(Work item): Write out each line of the entries below that holds the word "Lexus".

(Material for the task):

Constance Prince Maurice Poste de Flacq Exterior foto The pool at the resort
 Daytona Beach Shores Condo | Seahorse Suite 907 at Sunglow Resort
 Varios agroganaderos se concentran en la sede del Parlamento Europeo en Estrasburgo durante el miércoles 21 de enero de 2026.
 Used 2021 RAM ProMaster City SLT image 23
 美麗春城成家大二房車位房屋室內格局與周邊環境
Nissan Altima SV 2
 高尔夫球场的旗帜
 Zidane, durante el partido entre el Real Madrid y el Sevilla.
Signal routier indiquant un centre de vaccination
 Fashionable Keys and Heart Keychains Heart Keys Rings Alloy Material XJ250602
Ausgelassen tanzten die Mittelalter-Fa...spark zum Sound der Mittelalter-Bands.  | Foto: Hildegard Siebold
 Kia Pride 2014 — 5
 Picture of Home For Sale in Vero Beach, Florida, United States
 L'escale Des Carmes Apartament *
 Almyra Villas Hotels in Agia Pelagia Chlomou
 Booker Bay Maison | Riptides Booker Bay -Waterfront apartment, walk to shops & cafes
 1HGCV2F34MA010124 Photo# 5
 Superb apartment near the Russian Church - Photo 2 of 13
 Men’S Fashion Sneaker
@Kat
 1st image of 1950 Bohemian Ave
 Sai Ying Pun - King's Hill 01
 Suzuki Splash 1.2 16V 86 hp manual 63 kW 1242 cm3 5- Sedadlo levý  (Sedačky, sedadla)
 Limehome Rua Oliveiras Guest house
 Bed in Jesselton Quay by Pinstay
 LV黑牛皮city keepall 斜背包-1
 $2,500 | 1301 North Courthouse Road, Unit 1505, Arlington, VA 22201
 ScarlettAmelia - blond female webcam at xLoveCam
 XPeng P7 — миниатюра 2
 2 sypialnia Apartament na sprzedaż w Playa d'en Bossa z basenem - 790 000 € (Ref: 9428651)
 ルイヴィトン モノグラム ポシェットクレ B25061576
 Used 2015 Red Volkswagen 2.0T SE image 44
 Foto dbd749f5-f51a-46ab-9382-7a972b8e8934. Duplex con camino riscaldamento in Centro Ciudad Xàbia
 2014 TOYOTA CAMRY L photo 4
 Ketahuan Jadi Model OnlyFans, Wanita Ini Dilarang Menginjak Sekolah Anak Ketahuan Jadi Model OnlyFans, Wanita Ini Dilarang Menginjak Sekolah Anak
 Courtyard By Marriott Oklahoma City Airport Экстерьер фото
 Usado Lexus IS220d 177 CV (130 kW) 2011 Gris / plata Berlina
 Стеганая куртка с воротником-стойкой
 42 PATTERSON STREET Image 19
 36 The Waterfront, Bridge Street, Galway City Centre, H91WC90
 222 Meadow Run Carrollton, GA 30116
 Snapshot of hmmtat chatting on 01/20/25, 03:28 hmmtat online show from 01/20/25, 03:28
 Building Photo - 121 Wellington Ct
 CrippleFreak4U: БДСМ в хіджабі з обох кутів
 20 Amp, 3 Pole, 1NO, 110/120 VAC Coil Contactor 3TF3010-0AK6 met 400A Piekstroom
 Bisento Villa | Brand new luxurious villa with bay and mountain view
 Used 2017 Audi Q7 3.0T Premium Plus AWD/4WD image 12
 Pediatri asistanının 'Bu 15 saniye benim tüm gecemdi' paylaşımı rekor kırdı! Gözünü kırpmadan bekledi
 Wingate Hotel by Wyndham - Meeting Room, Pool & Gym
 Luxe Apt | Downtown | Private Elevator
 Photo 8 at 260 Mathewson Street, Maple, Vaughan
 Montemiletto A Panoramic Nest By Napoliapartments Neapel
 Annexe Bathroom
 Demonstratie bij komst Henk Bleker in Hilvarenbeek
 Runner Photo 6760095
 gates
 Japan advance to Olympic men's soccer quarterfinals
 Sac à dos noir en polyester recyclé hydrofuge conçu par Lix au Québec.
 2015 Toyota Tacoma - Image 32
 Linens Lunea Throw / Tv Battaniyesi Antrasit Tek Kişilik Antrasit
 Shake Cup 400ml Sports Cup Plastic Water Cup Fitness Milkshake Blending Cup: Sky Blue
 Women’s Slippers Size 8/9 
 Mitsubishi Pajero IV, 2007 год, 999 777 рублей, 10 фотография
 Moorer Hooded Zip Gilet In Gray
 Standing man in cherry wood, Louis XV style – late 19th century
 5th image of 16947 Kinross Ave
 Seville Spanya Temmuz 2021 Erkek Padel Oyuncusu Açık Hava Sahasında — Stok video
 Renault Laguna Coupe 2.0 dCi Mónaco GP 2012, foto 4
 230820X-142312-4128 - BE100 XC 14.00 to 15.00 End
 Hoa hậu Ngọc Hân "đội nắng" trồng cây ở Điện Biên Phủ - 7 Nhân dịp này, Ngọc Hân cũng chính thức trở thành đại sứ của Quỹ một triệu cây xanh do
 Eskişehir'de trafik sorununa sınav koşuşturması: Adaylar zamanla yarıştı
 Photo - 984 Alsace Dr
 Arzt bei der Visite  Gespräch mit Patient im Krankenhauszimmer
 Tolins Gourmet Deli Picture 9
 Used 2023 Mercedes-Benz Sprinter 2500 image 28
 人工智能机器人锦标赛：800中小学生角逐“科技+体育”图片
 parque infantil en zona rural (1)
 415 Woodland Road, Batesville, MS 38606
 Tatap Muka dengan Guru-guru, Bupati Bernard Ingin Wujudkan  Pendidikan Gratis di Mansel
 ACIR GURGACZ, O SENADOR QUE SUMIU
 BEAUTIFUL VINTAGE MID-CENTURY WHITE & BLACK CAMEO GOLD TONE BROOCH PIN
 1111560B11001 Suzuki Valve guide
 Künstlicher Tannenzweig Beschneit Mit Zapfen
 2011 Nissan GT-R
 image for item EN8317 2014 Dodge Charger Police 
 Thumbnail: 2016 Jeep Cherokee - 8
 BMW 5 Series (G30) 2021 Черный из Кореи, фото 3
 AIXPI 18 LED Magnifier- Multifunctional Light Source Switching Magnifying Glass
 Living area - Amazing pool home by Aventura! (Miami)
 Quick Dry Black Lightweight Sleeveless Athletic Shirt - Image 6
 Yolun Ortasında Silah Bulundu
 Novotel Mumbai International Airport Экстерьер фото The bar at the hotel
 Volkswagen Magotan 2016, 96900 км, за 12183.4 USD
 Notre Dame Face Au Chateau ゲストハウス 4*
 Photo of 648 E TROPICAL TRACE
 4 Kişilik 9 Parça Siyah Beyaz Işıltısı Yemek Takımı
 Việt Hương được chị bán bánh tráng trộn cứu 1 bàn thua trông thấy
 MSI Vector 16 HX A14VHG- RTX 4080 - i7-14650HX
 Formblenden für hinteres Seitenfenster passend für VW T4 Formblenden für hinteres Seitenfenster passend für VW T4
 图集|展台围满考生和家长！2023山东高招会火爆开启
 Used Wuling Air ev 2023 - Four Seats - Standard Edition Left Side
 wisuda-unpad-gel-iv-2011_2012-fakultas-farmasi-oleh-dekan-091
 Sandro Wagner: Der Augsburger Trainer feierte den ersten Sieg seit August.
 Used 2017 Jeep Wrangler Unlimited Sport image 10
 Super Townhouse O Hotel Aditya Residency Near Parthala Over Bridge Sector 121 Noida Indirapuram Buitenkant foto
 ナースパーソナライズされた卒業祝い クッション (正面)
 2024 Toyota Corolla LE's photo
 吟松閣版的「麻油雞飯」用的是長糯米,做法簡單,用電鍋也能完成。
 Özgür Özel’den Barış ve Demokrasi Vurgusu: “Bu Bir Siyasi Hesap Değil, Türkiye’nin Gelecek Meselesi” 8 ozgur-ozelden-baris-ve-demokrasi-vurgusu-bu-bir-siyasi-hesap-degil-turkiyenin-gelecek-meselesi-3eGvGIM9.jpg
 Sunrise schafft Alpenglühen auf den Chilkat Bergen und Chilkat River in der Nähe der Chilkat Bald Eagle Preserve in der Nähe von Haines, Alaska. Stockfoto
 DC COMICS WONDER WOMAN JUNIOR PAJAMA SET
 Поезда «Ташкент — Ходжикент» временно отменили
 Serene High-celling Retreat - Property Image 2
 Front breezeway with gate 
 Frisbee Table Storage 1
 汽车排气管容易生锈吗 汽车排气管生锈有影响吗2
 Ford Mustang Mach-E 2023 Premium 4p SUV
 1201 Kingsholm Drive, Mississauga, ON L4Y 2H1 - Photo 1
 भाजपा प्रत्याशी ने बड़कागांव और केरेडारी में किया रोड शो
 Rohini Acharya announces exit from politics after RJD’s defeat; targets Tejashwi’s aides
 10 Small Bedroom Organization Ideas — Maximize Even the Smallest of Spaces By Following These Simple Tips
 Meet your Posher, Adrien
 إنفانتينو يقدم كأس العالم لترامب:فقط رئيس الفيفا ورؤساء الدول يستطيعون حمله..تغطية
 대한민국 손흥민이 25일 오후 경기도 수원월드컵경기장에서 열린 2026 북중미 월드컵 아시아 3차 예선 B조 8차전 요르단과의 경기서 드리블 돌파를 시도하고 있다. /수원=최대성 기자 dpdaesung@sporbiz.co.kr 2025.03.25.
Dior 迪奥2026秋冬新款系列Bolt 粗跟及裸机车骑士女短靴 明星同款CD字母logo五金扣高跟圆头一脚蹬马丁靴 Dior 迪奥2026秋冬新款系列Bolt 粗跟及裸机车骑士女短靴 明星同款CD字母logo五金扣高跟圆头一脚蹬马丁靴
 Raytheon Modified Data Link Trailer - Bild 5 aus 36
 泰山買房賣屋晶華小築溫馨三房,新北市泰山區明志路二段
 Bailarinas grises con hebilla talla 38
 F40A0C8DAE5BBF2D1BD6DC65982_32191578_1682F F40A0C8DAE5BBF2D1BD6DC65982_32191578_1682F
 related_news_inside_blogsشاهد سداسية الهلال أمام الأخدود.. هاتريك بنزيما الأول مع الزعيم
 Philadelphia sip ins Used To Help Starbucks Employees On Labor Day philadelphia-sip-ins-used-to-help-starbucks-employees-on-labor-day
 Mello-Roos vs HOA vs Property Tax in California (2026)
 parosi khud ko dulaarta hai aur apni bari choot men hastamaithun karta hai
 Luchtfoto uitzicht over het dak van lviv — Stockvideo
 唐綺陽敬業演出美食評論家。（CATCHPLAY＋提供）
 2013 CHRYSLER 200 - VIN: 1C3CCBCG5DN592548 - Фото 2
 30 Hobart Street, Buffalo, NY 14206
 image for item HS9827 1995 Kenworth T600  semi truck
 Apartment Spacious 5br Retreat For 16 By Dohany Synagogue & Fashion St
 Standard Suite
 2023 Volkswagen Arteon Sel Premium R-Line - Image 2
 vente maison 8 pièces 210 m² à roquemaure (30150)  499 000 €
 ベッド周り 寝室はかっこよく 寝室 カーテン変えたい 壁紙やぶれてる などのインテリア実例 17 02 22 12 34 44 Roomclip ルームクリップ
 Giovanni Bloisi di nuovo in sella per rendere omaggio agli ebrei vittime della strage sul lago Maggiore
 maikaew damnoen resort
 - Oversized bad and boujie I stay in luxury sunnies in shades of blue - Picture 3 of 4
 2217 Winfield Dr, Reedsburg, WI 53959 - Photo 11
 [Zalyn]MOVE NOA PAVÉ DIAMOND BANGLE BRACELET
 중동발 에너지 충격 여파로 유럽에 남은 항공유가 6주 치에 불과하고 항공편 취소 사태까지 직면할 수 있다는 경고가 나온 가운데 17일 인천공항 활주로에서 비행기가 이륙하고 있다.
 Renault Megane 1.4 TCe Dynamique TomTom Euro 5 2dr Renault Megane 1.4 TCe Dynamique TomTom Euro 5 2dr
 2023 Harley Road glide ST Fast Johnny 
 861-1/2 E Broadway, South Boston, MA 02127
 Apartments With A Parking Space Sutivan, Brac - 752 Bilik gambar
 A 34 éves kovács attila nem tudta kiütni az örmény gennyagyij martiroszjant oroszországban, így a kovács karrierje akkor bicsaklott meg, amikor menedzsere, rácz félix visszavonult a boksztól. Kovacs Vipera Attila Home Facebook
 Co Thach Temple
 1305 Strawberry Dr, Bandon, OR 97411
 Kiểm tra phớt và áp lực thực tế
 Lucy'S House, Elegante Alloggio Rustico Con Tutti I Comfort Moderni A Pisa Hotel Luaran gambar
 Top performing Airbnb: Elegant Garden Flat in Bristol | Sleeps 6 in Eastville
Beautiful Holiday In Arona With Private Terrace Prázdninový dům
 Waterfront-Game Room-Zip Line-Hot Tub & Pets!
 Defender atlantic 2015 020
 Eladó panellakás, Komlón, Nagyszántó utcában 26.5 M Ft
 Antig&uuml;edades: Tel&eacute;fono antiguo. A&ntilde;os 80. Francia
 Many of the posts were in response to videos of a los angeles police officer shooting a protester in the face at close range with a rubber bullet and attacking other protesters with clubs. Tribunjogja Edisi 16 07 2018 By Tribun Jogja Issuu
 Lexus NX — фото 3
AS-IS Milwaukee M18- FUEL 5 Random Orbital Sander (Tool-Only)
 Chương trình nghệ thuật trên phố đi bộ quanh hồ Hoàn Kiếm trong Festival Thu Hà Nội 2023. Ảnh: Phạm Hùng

(Output for this task):
 Usado Lexus IS220d 177 CV (130 kW) 2011 Gris / plata Berlina
 Lexus NX — фото 3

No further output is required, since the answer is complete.